## About this exercise
Only the lines below from the one that contains "Curved Line Out Slab Denim Pants (Dark Blue)" through the one that contains "Pink Flamingo Wedding" should appear in your answer, exact and without pictures.

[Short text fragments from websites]
====
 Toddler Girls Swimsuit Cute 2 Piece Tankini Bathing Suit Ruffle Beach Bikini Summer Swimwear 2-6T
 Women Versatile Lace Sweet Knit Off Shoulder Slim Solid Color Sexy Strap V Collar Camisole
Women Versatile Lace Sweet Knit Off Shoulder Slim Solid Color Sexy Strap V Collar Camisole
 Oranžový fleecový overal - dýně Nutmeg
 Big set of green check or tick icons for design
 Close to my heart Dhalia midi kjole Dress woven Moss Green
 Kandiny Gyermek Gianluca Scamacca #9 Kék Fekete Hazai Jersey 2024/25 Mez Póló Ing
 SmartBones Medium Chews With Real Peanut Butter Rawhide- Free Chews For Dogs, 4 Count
====
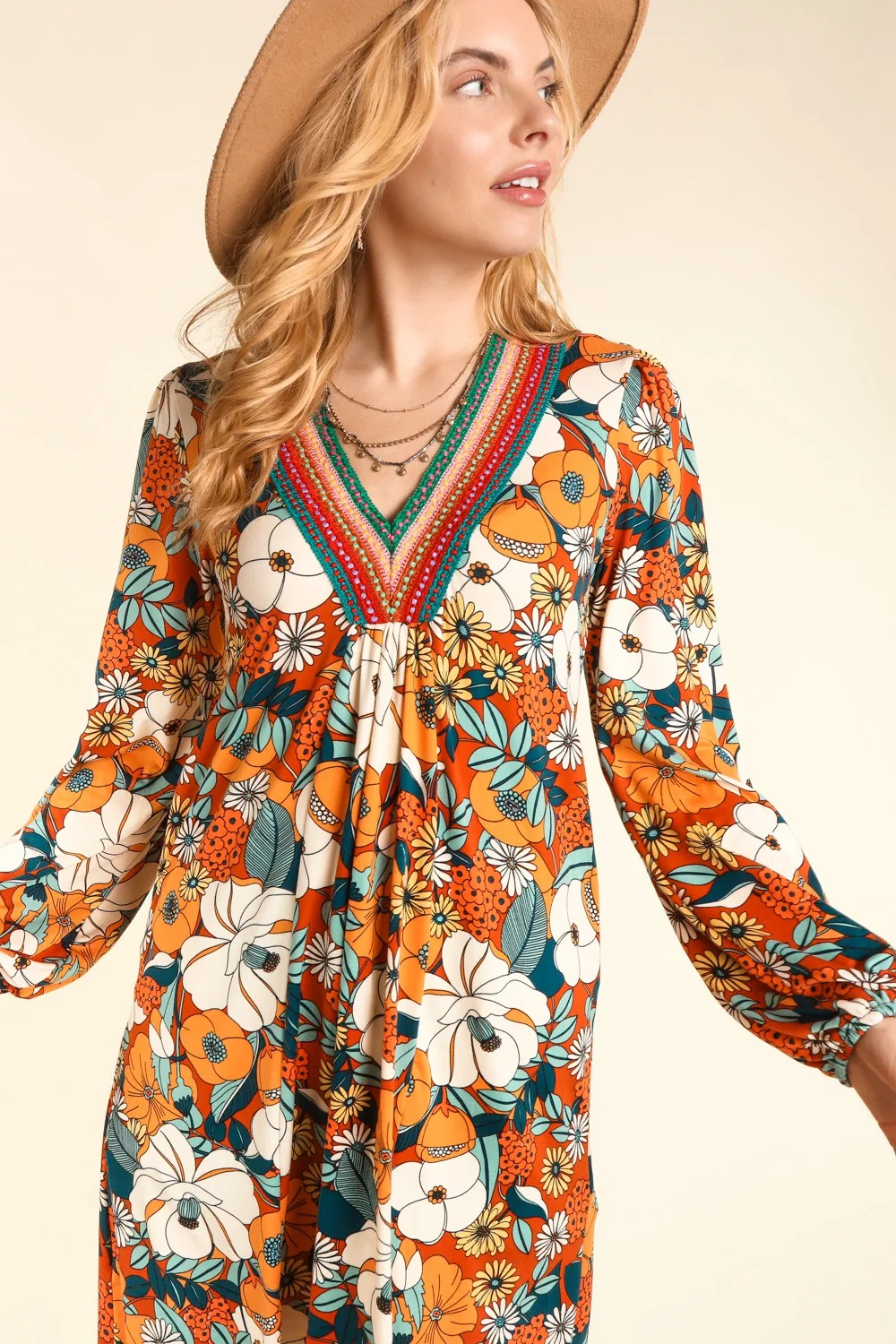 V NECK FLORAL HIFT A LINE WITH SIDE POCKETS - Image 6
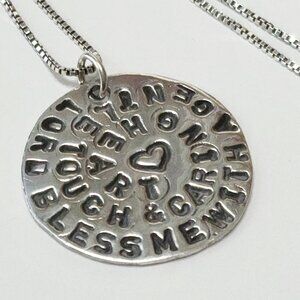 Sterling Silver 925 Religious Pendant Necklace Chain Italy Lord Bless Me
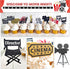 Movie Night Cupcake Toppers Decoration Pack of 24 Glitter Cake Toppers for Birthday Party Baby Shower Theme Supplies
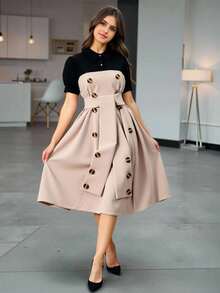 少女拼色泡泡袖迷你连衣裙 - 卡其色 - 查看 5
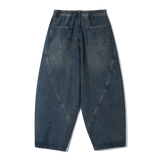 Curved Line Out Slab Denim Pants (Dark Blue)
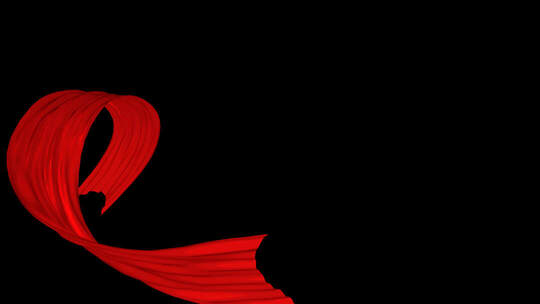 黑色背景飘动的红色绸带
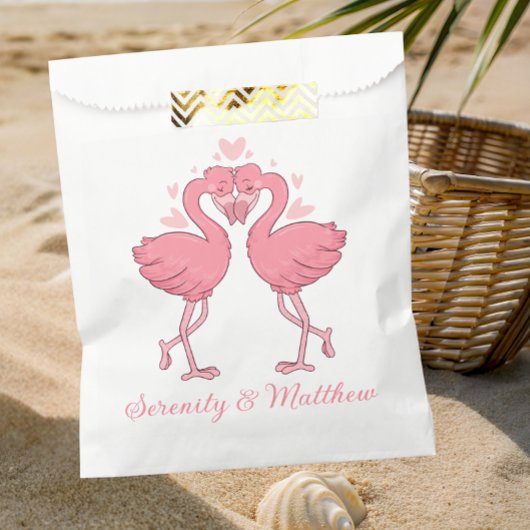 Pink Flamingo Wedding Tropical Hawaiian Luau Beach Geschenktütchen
====
## Solution to this task
 Curved Line Out Slab Denim Pants (Dark Blue)
 黑色背景飘动的红色绸带
 Pink Flamingo Wedding Tropical Hawaiian Luau Beach Geschenktütchen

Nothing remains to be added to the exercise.